E-dymek sposobem Anglików na walkę z nałogiem
E-papierosy są najczęściej wybieraną formą wsparcia wykorzystywaną przez palaczy w rzucaniu palenia w Anglii.
Statystyki pokazują, że korzystanie z e-papierosa zwiększa prawdopodobieństwo rzucenia nałogu o 50 proc. i przyczynia się do zmniejszenia ryzyka zdrowotnego, o co najmniej 95 proc. - wynika z najnowszego raportu opublikowanego przez agencję do spraw zdrowia publicznego w Anglii (Public Health England).
Jednym ze składników płynu do e-papierosów - jak tłumaczy Bartosz Rączkowiak, z jednej z firm produkującej takie płyny - jest glikol propylenowy. "Służy on, jako nośnik smaku i powoduje popularne odczucie towarzyszące otrzymywaniu nikotyny podczas inhalacji.
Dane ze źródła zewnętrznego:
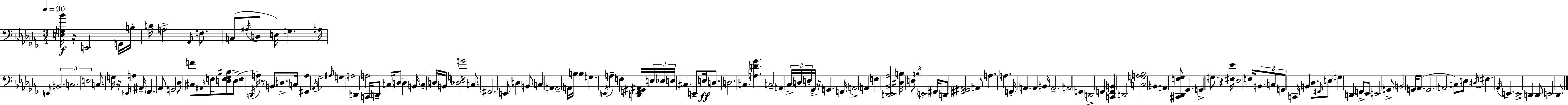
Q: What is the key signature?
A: AES minor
Po drugie, zamiana zwykłego papierosa na e-papierosa zaspokaja także uzależnienie psychiczne palacza od samego nawyku palenia - pozwalając mu w pewnym sensie na kultywowanie samego rytuału związanego z paleniem" - dodaje.
Palenie tytoniu to największy problem zdrowia publicznego. Szacuje się, że tylko w Wielkiej Brytanii w 2015 roku z powodu chorób odtytoniowych zmarło około 79 tysięcy osób, co stanowi 16 procent wszystkich zgonów.
Brytyjska Służba Zdrowia (NHS) od ubiegłego roku oficjalnie trakuje e-papierosy jako produkt medyczny, którego celem jest wyleczenie z nałogu nikotynowego.